A study published in October explains that Atlantic hurricanes are now more than twice as likely to intensify rapidly. Climate change is to blame. Hurricane Lee, for example, went in less than a day from being a category 1 event – with winds of 129 kilometers per hour – to a category 5 – 249 kilometers per hour. Therefore, it is crucial to save time.
Traditional weather forecasting is based on measurements of what is happening in real time in the atmosphere. In the best cases, like the ECMWF team, these measurements come from different parts of the world and from different instruments: satellites, buoys in the ocean, sensors on commercial airplanes.
Matthew Chantry of ECMRWF told BBC that a single one of its predictions can take into account around 10 million measurements. All this large amount of data is processed in some of its supercomputers to solve complex equations, based on physics and different climatic variables. Those in this European center can make up to a thousand billion calculations per second. And thus, knowing what the probability is of a certain event occurring in the future.
Models like these, however, require large computing resources. And, even with all their power, they can sometimes take hours to dictate their forecasts. Artificial intelligence comes to inject speed into analysis, even with less energy expenditure.
The contribution of Google’s tool to predict hurricanes
GraphCast uses machine learning to perform these calculations in less than a minute. Instead of physics-based equations, it leverages four decades of historical weather data to predict hurricanes and other events much faster.

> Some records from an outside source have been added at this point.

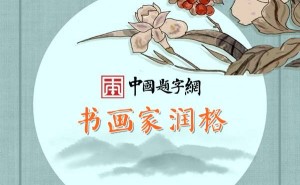 2025年全国书画名家润格一览，收藏投资新参考！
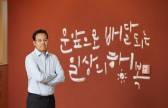  “치열하게 실행하라”...우아한형제들, 골든타임 캠페인 전개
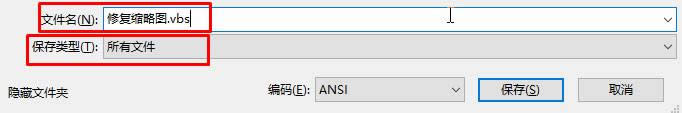 xp電腦圖片不顯示縮略圖該怎么辦?xp怎么顯示縮略圖?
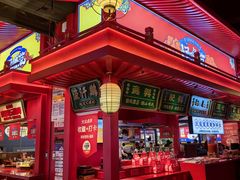 -怪噜范·贵阳小吃大排档(金源旗舰店)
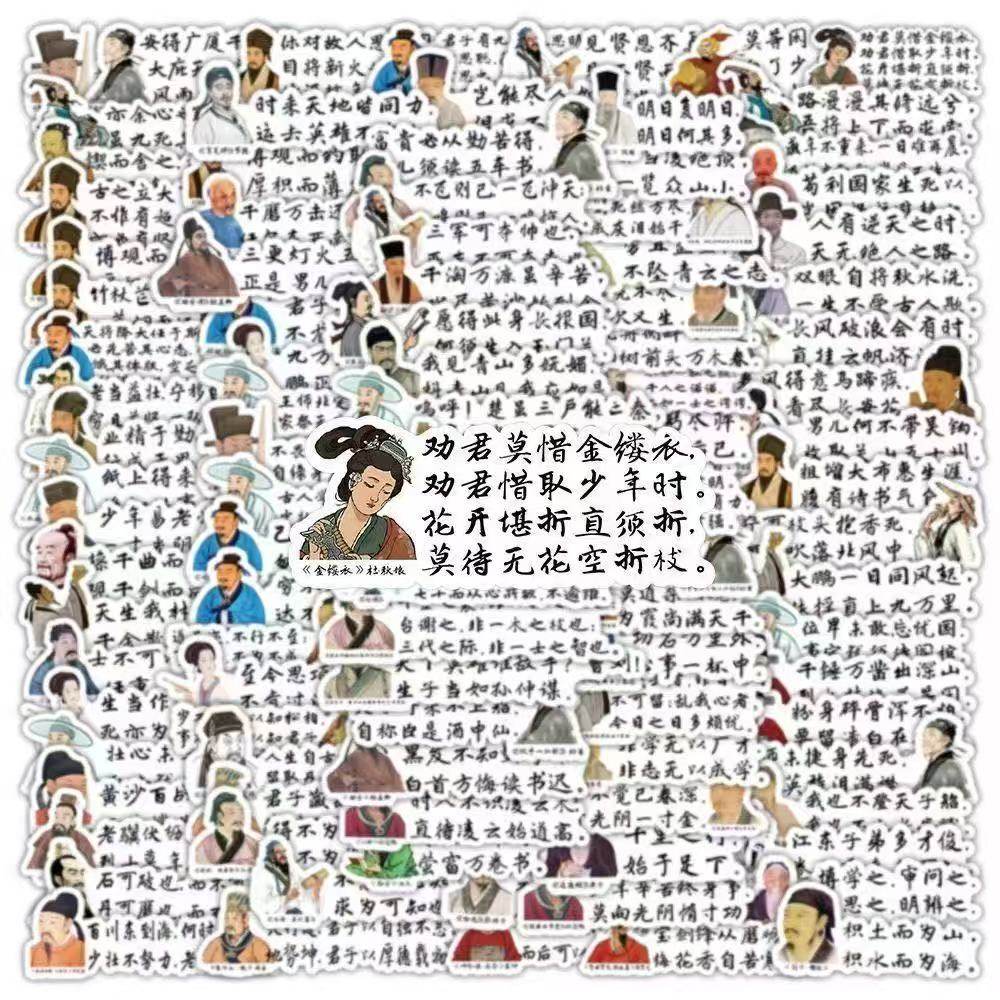 100张励志文字贴纸古人诗词积累文言文古诗词手账DIY装饰小贴画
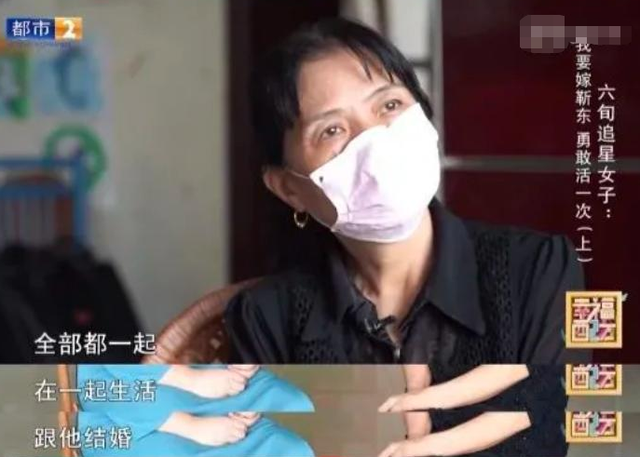 高亦心个人简历，高亦心（与江珊相恋被拆散）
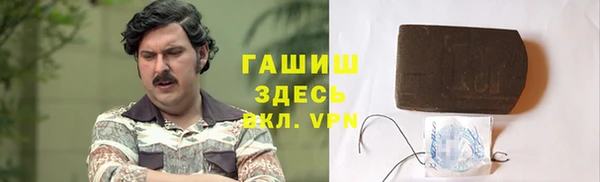 кокаин перу Абинск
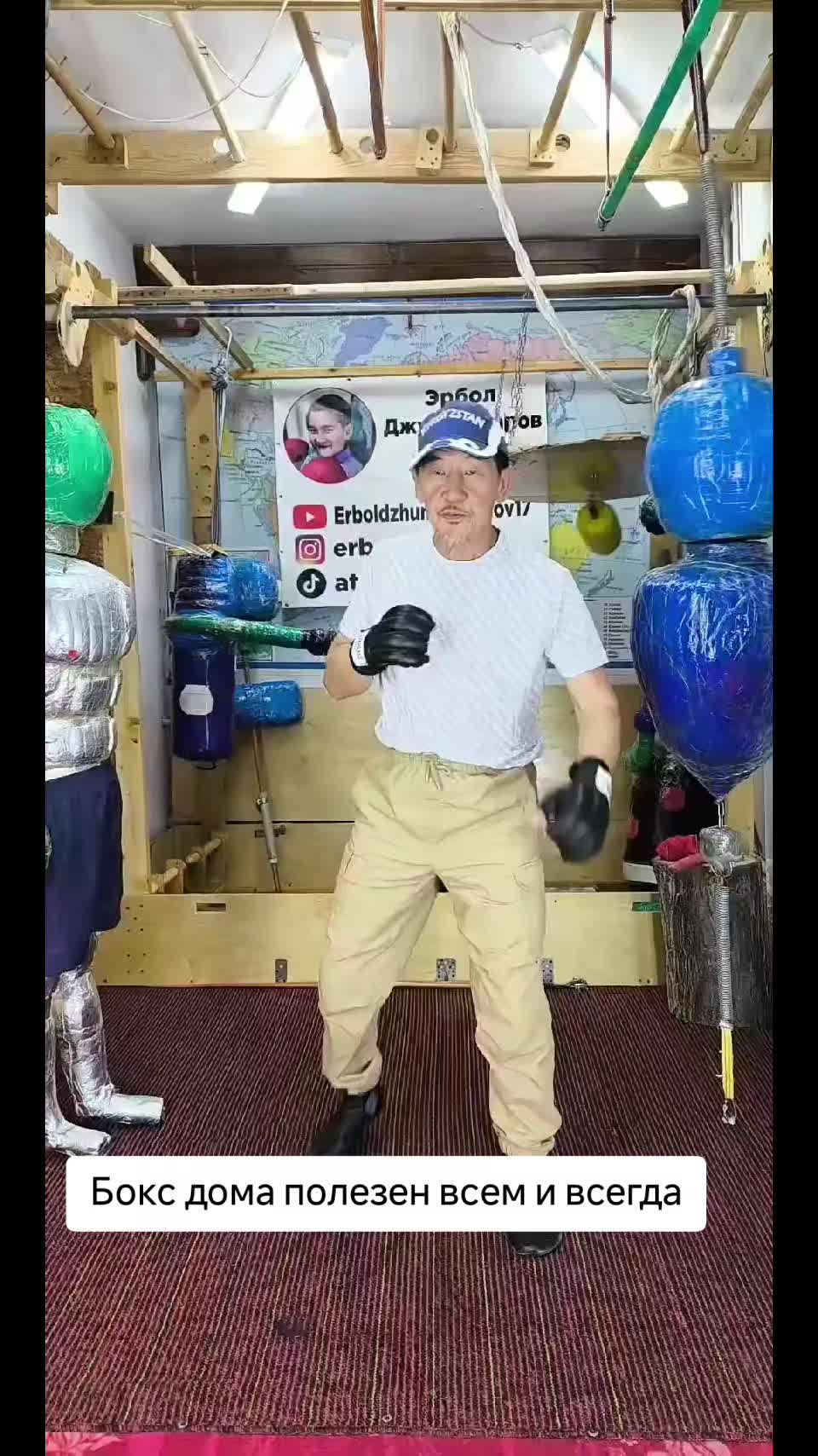 @Марат Джуманазаров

Google’s DeepMind tool uses graph neural networks, which They map the Earth’s surface in more than a million grid points. At each point, the model predicts the temperature, wind speed and direction. Also the average pressure at sea level, humidity and other variables. With this, the neural network identifies patterns and predicts what will happen for each of these data points.

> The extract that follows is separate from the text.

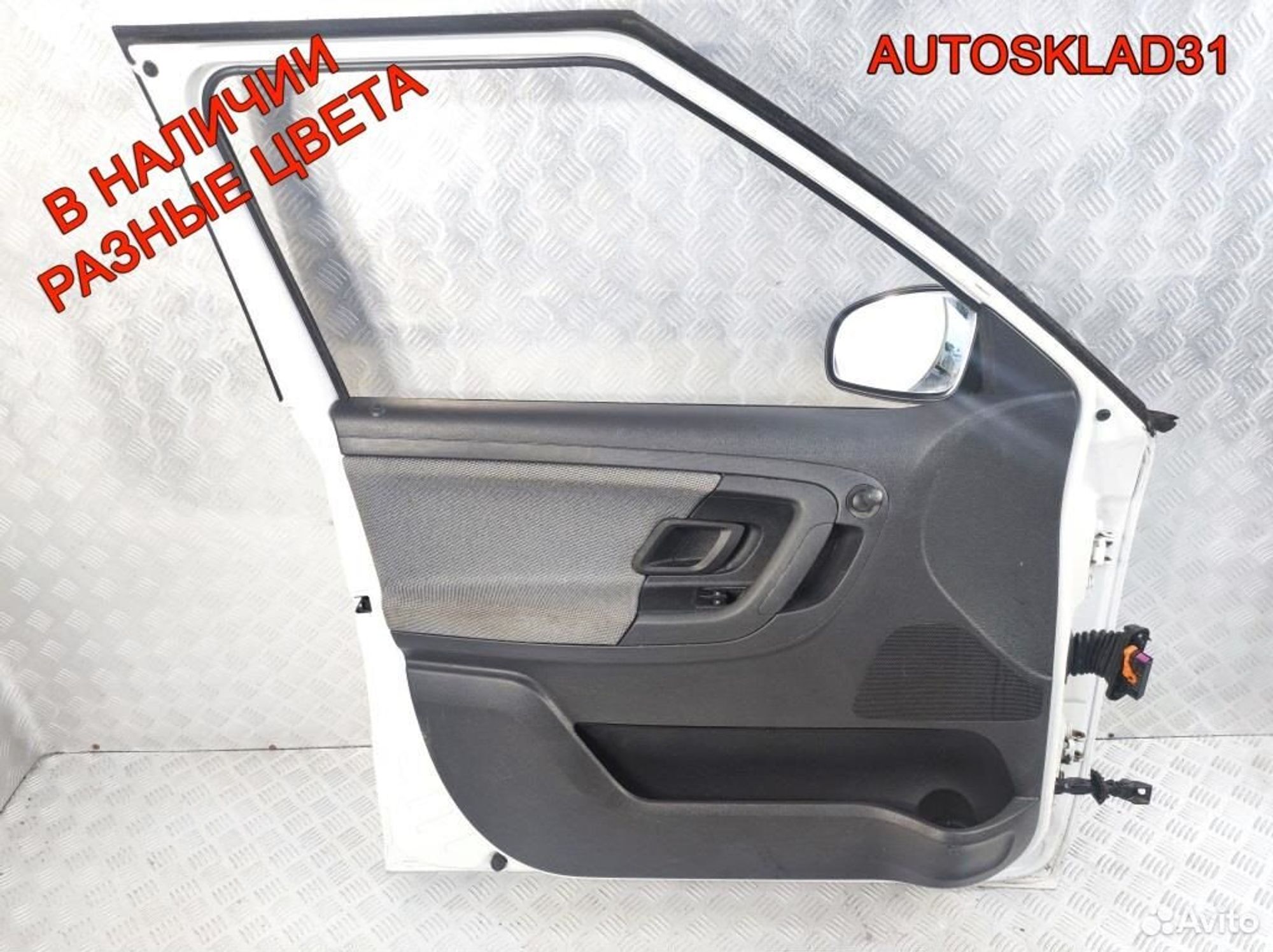 Дверь передняя левая Голая Skoda Fabia 2 5J6831055, 22500 рублей, Дубовое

“GraphCast draws on decades of historical weather data to learn a model of the cause-and-effect relationships that govern how Earth’s climate evolves, from the present into the future,” the company explained on its blog. This Google DeepMind tool predicted the path of the hurricane Lee nine days early, while the ECMRWF achieved it six days early.
But this tool does not replace the measurements of centers such as the ECMWF, but rather complements them. “They go hand in hand,” said Google DeepMind. In fact, one of the great inputs that GraphCast uses are the measurements of this center. And the ECMWF team is already taking advantage of the new artificial intelligence system.
Peter Dueben, head of Earth system modeling at ECMWF, said when they introduced GraphCast to his team it felt like Christmas. “This showed that these models are so good that we can no longer avoid them”told MIT Technology Review. Google DeepMind says it doesn’t just want to predict the climate: “By developing new tools and accelerating research, we hope artificial intelligence can empower the global community to address our biggest environmental challenges.”